→ GIVEN MATERIAL
* * * * * * * * *

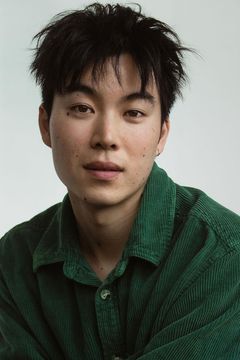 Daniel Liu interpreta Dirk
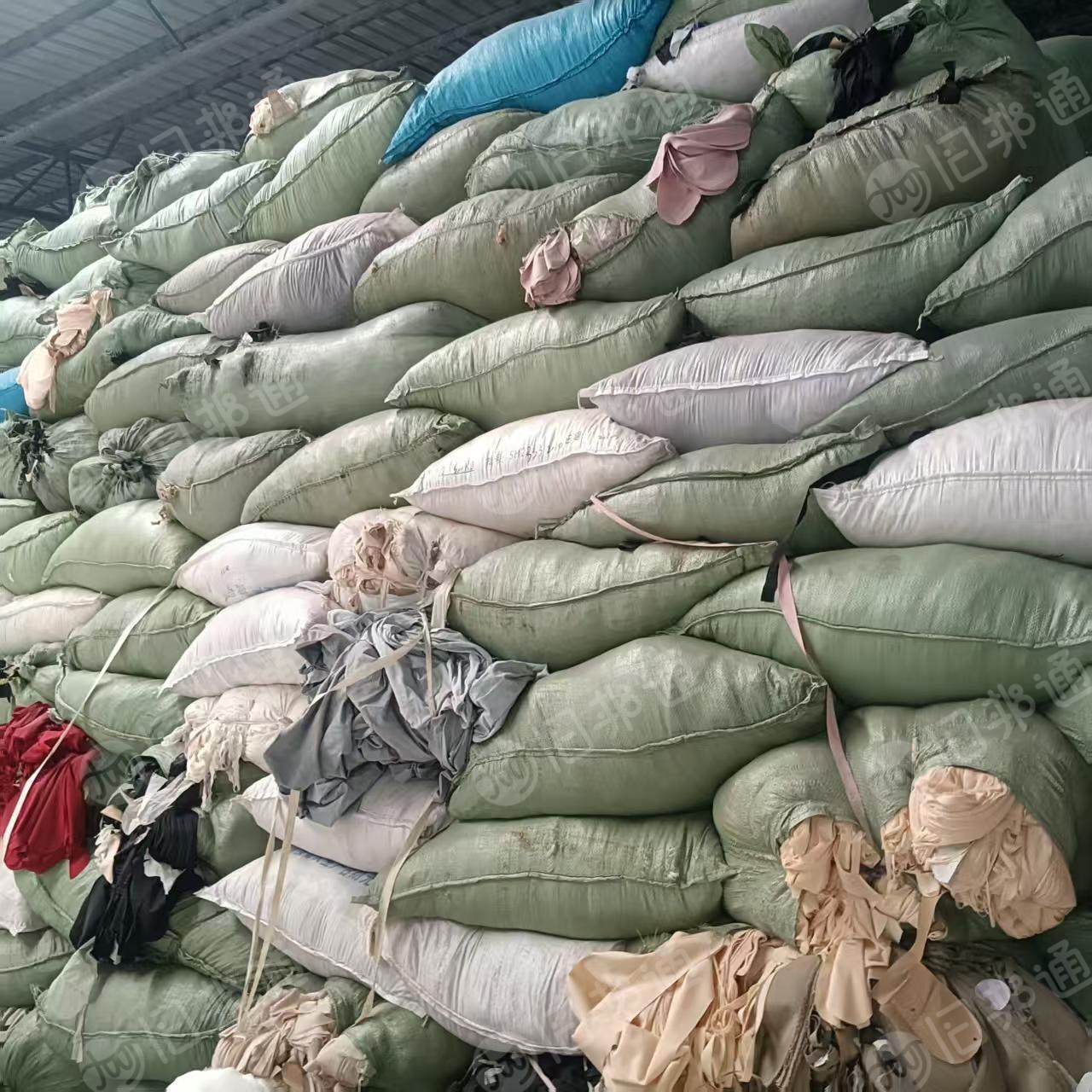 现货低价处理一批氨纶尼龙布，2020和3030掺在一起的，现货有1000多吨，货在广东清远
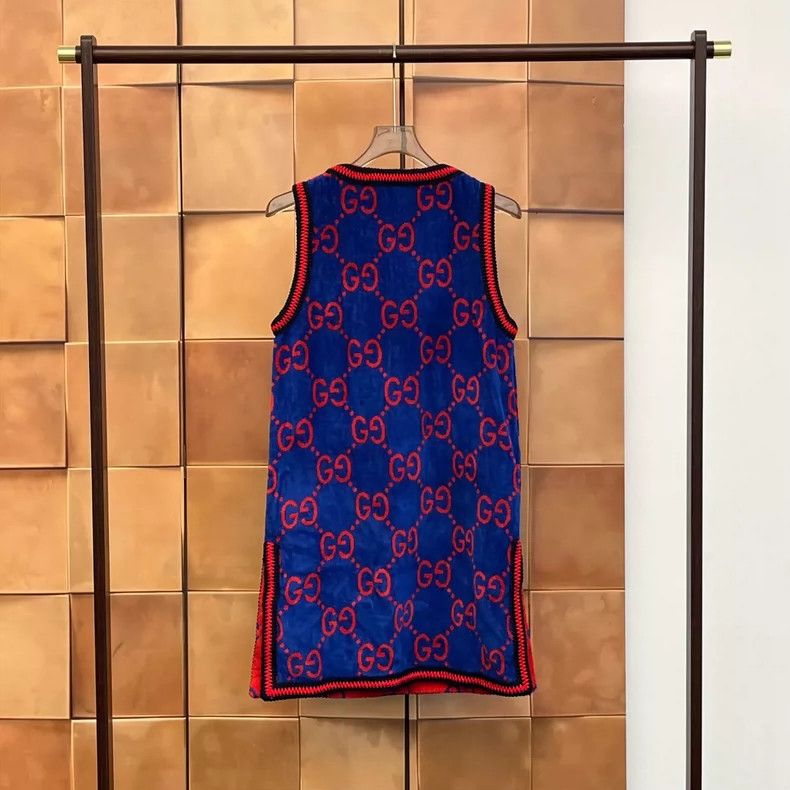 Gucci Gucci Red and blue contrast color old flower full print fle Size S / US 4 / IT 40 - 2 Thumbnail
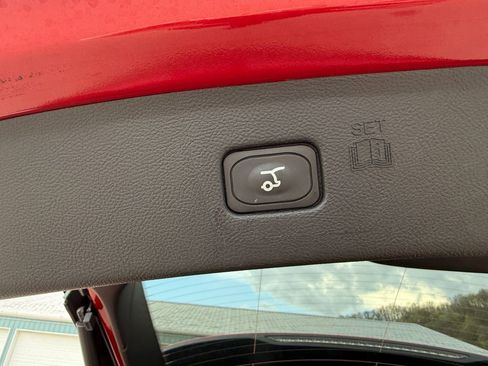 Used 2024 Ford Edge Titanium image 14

* * * * * * * * *

→ ABOUT THIS EXERCISE
Without reproducing any picture, repeat exactly the lines from the one containing "Gucci Gucci Red" through the last line of the material above, both ends included.

→ ANSWER BELOW
 Gucci Gucci Red and blue contrast color old flower full print fle Size S / US 4 / IT 40 - 2 Thumbnail
 Used 2024 Ford Edge Titanium image 14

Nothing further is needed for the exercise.